The New York Times hires its first chief data scientist. Will traditional media organizations catch up to the largest web companies?
Written by Janet Fang, Contributor
 
wall art at the New York Times.jpg
 
Have traditional media organizations caught up to the largest web companies?

With advertisers buying fewer newspaper ads, the New York Times has been selling digital subscriptions through a digital paywall instituted three years ago. The paper gets nine million visits to its homepage a day -- and if someone is going to unsubscribe, they want to know that before it happens. Technology Review reports

A year ago the company pulled together information that had been in “various silos” and formed a business intelligence group to start exploiting it. It’s part of a wider trend in which companies are using data to guide business decisions more directly.
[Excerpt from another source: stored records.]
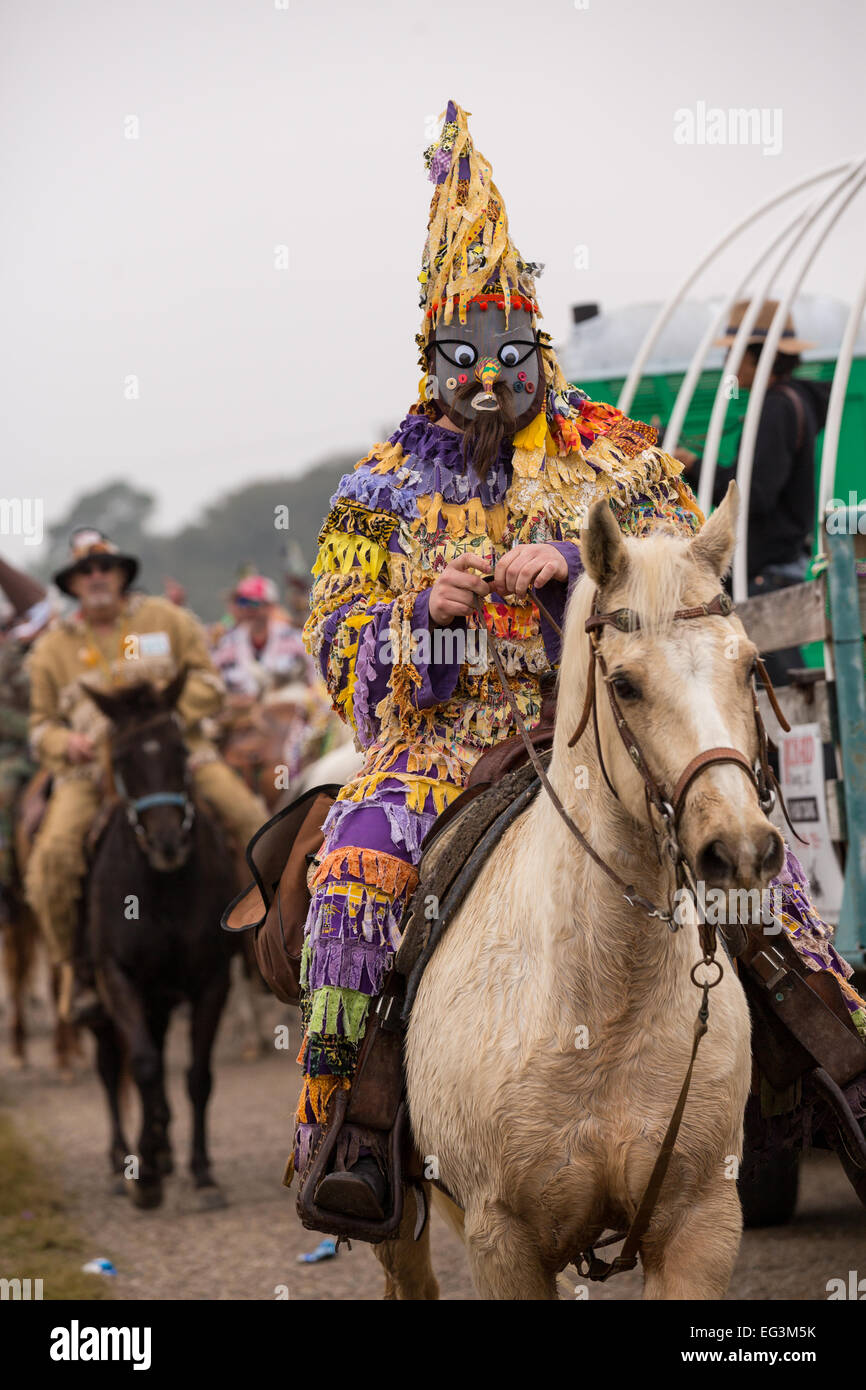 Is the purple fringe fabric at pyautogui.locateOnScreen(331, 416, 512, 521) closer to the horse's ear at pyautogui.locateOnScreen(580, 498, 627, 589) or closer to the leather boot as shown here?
the horse's ear at pyautogui.locateOnScreen(580, 498, 627, 589)

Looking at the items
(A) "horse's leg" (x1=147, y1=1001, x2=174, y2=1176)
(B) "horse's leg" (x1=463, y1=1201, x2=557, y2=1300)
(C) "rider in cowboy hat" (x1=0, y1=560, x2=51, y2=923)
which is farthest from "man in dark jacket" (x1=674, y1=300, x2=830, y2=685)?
(C) "rider in cowboy hat" (x1=0, y1=560, x2=51, y2=923)

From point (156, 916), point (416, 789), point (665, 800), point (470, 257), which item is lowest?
point (156, 916)

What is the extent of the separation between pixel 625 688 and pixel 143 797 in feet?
18.9

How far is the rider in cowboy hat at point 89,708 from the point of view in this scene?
9.25m

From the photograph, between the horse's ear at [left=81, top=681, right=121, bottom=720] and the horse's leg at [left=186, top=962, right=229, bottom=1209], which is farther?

“But we really needed someone to give us insights about why people subscribe and how to retain them,” says Marc Frons, chief information officer of the New York Times Company. “Before they pick up the phone and say ‘I want to cancel,’ you could predict by the patterns of their behavior, like not logging in as much, that they might do that.”

Earlier this year, the Times hired its first chief data scientist: Columbia University professor of applied mathematics Chris Wiggins, who builds predictive computer models for biology research.

His team will determine if the paper’s business problems can be solved with machine learning -- a set of statistical methods that use existing data to make predictions about similar situations, Tech Review explains. The machine learning group, Wiggins adds, will also help “learn from data about the content it produces and the way readers consume and navigate that content.”

Google spent $400 million this year acquiring a single machine-learning startup, and Amazon is currently advertising positions for 40 additional machine-learning scientists. And while the Times’ effort seems modest in scope by comparison, it’s worth noting that traditional publishers are trying to catch up to the largest web companies, Tech Review reports. Last year, Wall Street Journal publisher, News Corp., hired another Columbia statistician for machine learning and predictive modeling projects. 

“It’s a very exciting time to rethink what journalism is going to look like over the next 100 years,” Wiggins tells Columbia Spectator. “I really believe that journalism is really important to the functioning of a healthy democracy, and it’s being challenged right now because the central business of the past 200 years has evaporated.”